Your instructions:
I need the lines below from the one with "High Quality Classic" down to the one with "Cassettiera per bambini" reproduced exactly, both ends included, and nothing else.

Recorded information:
BEGIN

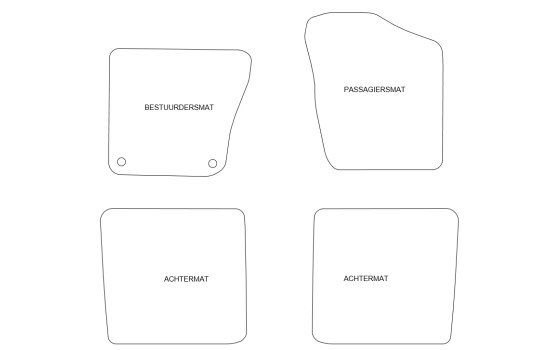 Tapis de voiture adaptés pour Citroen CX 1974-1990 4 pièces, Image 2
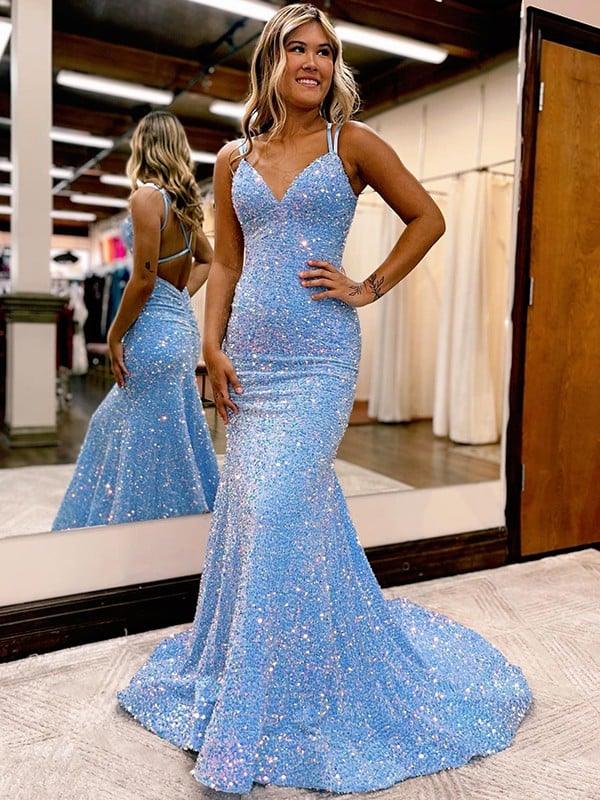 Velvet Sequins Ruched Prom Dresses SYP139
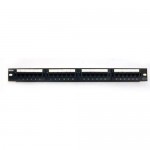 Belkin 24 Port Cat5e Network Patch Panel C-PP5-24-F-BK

END
BEGIN

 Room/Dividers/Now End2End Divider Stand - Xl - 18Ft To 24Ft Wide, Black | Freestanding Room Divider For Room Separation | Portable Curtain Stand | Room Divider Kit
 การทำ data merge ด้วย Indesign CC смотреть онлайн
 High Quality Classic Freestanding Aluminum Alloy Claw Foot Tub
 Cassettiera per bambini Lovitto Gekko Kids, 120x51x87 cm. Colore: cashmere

END

The completed task:
 High Quality Classic Freestanding Aluminum Alloy Claw Foot Tub
 Cassettiera per bambini Lovitto Gekko Kids, 120x51x87 cm. Colore: cashmere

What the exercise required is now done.